### TASK OBJECTIVE
Go through the entries below from the first line and output each one exactly, up to and including the line with "Men in a circle at a workshop".

** Opening DATA RECORDS block **

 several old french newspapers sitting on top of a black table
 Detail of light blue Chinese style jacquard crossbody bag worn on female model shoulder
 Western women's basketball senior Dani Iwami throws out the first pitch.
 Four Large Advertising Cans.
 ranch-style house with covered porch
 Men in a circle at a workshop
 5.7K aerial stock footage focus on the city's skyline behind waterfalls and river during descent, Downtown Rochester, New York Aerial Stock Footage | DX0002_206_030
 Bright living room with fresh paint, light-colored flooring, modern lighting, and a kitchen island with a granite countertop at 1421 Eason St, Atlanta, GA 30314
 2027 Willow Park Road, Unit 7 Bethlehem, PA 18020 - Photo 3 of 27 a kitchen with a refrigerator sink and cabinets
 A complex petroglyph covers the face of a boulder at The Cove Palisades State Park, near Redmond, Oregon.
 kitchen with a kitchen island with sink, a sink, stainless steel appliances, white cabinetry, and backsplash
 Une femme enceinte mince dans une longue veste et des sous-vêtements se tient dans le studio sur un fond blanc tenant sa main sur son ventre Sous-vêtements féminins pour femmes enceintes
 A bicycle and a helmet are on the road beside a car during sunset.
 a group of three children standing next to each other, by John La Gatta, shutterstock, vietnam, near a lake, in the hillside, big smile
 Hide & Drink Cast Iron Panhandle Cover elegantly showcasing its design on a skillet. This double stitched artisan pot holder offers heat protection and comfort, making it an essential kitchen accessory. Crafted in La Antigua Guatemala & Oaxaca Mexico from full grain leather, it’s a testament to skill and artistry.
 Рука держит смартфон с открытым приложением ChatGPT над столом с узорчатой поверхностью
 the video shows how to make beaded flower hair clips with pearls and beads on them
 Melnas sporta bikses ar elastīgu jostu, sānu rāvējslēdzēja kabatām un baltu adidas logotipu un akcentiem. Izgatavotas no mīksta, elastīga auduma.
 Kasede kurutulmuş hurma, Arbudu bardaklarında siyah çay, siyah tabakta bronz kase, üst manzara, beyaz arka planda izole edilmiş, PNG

** Closing DATA RECORDS block **

### TASK RESPONSE
 several old french newspapers sitting on top of a black table
 Detail of light blue Chinese style jacquard crossbody bag worn on female model shoulder
 Western women's basketball senior Dani Iwami throws out the first pitch.
 Four Large Advertising Cans.
 ranch-style house with covered porch
 Men in a circle at a workshop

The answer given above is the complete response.